What characters are good to start with when designing a typeface?


Given many characters in a typeface build on others and even just a couple of characters can reveal a lot of the features of a given typeface, what characters are good to start with when designing a typeface?

3/22/2013 10:20:00 AM

I got interested in the question (I don't design type, I just design with it), asked around folks that do, and did some research. There doesn't seem to be a consensus -- every designer works with his/her own natural creative process, and many start with a sketched idea that could be any letter or a combination.

Here are some interviews from ilovetypography.com (an excellent resource, btw) that will give you an idea of the diversity of approach: Ludwig Ubele, Nikola Djurek and Alice Savoie. Ubele says, in particular:

The nicest part is to start: sketching randomly, finding an idea and a general construction or characteristic; drawing the first letters and making the first words. As I said before I don’t have a specific letter which I usually start with, but there are some key glyphs which show the basic forms: n, b, o, v for instance for lowercase, A, H, O for uppercase.

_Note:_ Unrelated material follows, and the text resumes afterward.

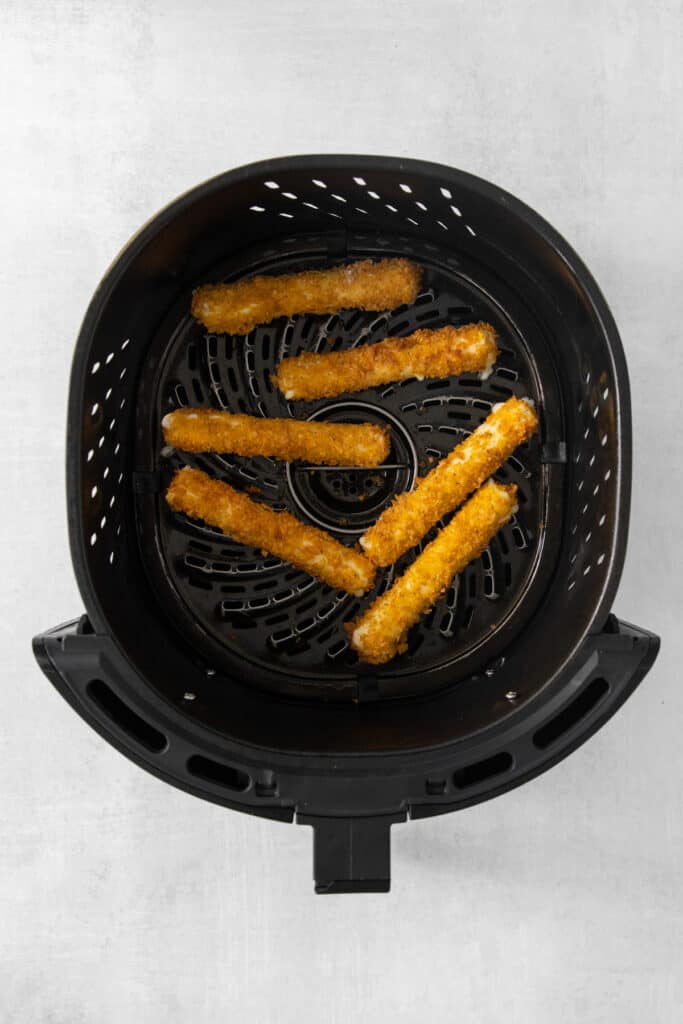 a black air fryer with fries in it.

I try in the begining not to concentrate too much on single letters but work on the whole alphabet and balance the single letters in relation to each other. That way I can set text very early on, and see how the typeface looks in small printed text—that’s usually very different from what you see on screen.

The best typographic resource I know of on the web is typophile.com. There is a terrific "How To" section in the wiki, and you can branch out from there. This site will take you as deep as you want to go into typeface design.